İsrail’in sorunu tarih boyunca vatansız kalmış ve soykırımlara uğramış Yahudilere Filistinlilerin yurtlarını gasp ve işgal ederek bir vatan elde etme çabasından kaynaklanmamaktadır. Asıl sorun İsrail’in bir devlet yerine, bir terör ve vahşet makinesi olarak dizayn edilmesinden kaynaklanmaktadır. Bakanlar Kurulunda suikast kararlarının alındığı tek ülke İsrail’dir. Filistinlilere saldırılar yapılırken sadistçe bir keyifle sarhoş olan yöneticilerin olduğu terör örgütünün adı İsrail’dir. Kurulduğundan beri bu örgütün sözde devlet başkanları, başbakanları ve bakanları tescil edilmiş teröristler listesinde yer almaktadırlar. Başbakan Netanyahu’nun ve diğer İsrailli bakanların İsrailli Nazilerin insani yardım filosuna karşı yapmış oldukları son terörist saldırıyı desteklemeleri hiçbir şekilde sürpriz değildir.
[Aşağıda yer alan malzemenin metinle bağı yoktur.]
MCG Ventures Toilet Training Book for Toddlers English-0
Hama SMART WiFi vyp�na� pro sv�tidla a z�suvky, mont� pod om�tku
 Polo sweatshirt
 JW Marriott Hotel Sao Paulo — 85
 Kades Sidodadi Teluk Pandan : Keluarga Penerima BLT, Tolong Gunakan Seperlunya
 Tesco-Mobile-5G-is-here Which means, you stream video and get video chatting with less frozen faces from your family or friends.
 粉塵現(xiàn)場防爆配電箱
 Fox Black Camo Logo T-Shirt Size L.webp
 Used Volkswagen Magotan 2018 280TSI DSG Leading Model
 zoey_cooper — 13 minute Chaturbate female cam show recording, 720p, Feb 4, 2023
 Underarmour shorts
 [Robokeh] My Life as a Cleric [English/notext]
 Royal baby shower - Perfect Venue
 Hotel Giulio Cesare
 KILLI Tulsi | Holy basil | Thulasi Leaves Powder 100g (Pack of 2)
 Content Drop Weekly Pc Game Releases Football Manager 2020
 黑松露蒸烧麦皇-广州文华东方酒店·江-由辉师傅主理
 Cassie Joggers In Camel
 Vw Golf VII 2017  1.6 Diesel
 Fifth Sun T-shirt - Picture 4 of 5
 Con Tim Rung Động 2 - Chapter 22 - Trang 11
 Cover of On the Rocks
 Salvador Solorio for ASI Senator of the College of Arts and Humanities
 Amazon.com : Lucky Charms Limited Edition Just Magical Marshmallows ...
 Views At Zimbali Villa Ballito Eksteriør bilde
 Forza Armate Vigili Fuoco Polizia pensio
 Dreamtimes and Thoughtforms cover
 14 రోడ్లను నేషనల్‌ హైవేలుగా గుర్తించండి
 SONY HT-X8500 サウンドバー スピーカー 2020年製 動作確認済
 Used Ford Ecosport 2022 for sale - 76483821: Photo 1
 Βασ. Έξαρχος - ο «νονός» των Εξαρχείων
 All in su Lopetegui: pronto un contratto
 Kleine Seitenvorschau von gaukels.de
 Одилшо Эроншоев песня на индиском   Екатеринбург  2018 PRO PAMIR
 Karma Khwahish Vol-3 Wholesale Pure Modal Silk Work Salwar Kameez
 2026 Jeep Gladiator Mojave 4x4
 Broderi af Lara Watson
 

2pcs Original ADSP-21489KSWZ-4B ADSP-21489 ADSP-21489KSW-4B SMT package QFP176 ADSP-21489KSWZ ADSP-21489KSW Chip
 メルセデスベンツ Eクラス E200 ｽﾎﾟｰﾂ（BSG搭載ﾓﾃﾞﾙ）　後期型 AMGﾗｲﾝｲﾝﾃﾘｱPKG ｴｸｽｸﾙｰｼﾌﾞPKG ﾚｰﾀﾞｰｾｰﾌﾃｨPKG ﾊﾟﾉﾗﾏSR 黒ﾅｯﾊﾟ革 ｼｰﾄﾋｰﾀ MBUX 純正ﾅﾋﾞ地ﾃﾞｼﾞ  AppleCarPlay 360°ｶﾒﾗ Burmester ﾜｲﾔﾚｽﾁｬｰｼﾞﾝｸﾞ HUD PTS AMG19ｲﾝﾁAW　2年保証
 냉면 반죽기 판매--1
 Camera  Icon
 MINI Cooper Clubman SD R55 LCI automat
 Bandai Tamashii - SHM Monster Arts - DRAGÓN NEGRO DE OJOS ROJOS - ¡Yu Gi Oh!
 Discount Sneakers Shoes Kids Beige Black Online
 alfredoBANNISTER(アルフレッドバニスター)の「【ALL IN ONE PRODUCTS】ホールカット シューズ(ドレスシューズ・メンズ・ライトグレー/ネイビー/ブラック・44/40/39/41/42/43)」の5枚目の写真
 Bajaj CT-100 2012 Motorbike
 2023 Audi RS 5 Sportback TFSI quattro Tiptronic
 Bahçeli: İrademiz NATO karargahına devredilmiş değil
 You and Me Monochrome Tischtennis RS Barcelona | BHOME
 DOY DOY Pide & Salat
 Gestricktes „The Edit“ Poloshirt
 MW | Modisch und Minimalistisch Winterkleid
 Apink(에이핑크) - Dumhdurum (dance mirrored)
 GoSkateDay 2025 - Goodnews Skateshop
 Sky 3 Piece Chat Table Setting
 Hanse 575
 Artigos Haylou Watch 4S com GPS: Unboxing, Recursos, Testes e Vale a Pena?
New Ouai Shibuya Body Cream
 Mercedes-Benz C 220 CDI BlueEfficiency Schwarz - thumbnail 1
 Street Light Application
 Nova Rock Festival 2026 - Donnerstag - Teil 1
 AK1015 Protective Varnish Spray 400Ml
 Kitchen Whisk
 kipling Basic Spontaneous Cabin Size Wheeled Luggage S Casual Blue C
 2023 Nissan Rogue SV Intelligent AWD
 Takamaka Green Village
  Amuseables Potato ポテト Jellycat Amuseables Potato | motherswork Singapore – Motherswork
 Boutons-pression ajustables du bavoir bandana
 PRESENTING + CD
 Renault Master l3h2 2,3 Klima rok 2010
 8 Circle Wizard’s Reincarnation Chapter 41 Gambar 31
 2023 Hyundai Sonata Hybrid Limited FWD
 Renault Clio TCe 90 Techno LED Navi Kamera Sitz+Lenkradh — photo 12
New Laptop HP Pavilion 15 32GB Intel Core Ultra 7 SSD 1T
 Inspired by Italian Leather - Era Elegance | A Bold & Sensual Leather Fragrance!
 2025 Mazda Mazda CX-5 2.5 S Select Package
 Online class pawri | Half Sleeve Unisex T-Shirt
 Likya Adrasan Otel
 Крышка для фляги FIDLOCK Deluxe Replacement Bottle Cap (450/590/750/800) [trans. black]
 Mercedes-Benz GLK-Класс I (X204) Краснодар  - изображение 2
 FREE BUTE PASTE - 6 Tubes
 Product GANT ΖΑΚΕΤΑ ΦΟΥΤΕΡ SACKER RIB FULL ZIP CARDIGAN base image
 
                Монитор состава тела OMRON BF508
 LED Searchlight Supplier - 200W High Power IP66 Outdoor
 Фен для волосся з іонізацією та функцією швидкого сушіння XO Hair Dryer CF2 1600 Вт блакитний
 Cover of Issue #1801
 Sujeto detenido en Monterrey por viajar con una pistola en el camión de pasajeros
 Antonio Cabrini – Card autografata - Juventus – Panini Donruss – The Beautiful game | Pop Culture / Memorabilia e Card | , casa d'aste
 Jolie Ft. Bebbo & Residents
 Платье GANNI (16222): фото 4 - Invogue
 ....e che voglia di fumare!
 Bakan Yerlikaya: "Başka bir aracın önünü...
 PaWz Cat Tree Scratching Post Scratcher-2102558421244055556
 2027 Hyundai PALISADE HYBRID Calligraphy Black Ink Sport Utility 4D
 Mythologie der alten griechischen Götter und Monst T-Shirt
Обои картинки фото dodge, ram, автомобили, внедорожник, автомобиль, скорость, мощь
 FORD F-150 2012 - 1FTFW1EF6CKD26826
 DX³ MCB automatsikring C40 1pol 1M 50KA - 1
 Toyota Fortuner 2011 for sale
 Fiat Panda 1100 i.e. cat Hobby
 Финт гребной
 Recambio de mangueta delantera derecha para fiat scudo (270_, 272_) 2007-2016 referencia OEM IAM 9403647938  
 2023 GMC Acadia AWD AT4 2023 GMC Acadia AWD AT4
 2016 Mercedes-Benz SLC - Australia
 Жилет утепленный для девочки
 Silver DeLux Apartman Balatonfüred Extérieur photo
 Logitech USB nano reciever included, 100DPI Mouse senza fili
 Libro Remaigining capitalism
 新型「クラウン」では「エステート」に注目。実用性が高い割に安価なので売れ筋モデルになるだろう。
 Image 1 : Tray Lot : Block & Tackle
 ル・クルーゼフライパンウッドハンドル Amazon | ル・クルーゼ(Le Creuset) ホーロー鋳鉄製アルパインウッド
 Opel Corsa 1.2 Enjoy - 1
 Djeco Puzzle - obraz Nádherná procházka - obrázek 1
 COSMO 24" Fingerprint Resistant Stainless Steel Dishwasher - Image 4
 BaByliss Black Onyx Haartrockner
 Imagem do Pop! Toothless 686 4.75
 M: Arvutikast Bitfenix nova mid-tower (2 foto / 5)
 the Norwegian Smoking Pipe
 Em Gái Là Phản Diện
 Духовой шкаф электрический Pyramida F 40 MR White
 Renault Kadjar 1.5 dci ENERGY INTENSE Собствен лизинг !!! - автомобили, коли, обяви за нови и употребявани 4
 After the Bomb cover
İsrail, yıllardır dünyayı her gün Filistinlilerin öldürülmesine alıştırmıştı. Daha doğrusu o, Arapları öldürmeye hakkı olduğuna dünyayı ikna etmişti. İnsanlığın vicdanını temsil etmek için harekete geçen bir avuç insani yardım görevlisine karşı giriştiği vahşet ve cinayetle İsrail, yeryüzünde yaşayan herkesi din, dil, ülke ve ırk ayırımı olmadan öldürmeye hakkı olduğunu fiilen deklare etmiştir.Başka bir ifade ile İsrail, kendi uğruna bütün insanlığı öldürmeye hazır çılgınca bir ruh hali içinde olduğunu göstermektedir.Dünyanın para, siyaset ve medya gücünü elinde bulunduran Yahudilere dayanarak dünyayı şimdiye kadar aldatmayı başaran İsrail’e artık insanlık itibar etmemektedir, çünkü İsrail, sadece Ortadoğu’da değil bütün dünyada kaldırılması ve dayanılması mümkün olmaya bir canavara dönüşmektedir.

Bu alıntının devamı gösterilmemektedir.